In a meeting with Iranian Ambassador Seyyed Mohammad Ali Hosseini on Tuesday, Federal Minister of National Food Security and Research Syed Fakhar Imam said that the agriculture sector of Pakistan should look ahead in terms of modernization. He appreciated the Iranian government’s offer to waive tariffs on export of agricultural products from Pakistan.

“Pakistan has immense potential for export of citrus fruit, rice, mango, onion, potato, fishery and livestock products,” he said. “In fact, the country can meet the entire rice demand of Iran.”

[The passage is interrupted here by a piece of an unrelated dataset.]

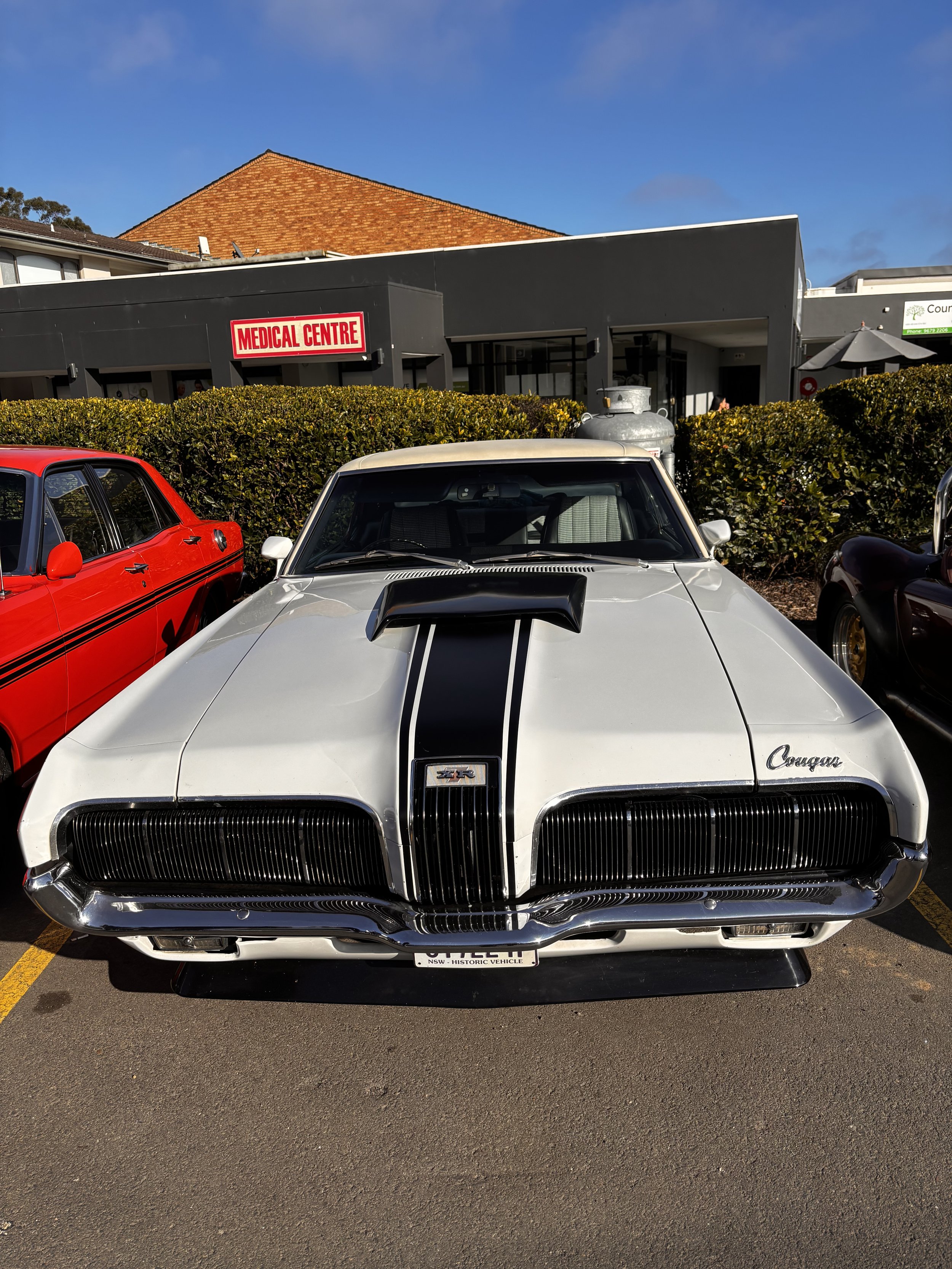 Front view of a white classic muscle car with black racing stripes, parked in a lot with other cars visible on sides, with a black building labeled 'Medical Centre' and a hedge in the background, under a blue sky.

He said that Pakistan could export up to 8 million tons of rice. On the other hand, the country shipped nearly 144,000 tons of mangoes abroad and it could enhance its exports to Iran as well, Syed Fakhar Imam said, adding that Iran had expertise in the floriculture sector and exchange of such talent could benefit both sides.

Hosseini said that Iran imported numerous agricultural products from Pakistan: “Iran imports 5,000 tons of citrus fruit from Pakistan. We also import rice from Islamabad and there is a huge demand for Pakistani livestock, red meat and fishery products in Iran.”